«La nostra battaglia - racconta Renzo Ulivieri, 71 anni, presidente dell’Assoallenatori - è per avere un tecnico diplomato per ciascuna squadra. Adesso ne basta uno per l’intero settore giovanile, magari composto da ben dieci squadre. Passasse questa norma, si moltiplicherebbero i posti». È proprio così, si fatica a trovare spazio anche in panchina, come nella vita lavorativa comune.
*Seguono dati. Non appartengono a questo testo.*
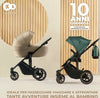 Kinderkraft Passeggino Duo PRIME 2 TRIO 3in1 Con Prime 2 borsa, fasciatoio, adattatori, coprigambe, telo antipioggia, zanzariera, materassino da navicella Prima infanzia/Passeggini carrozzine e accessori/Passeggini e carrozzine/Sistemi modulari Mondo Bimbo - Bagnara Calabra, Commerciovirtuoso.it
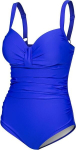 Naiste ujumistrikoo Aqua Speed Olivia, sinine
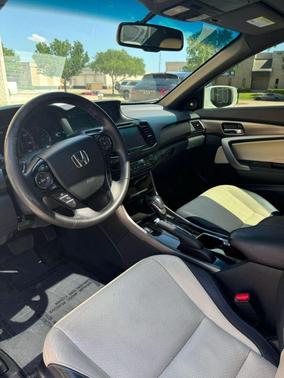 2016 Honda Accord EX-L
Non c’entra tanto la crisi economica, che unicamente sforbiciato i budget, ai livelli inferiori, è che l’Italia sforna allenatori o aspiranti tali a un ritmo insostenibile, tanto più se rapportato ai 132 posti nei club professionistici. «L’Associazione italiana calciatori (Aic) - sottolinea Ulivieri - è una libera associazione, non c’è obbligo di iscrizione, a differenza dell’albo del settore tecnico».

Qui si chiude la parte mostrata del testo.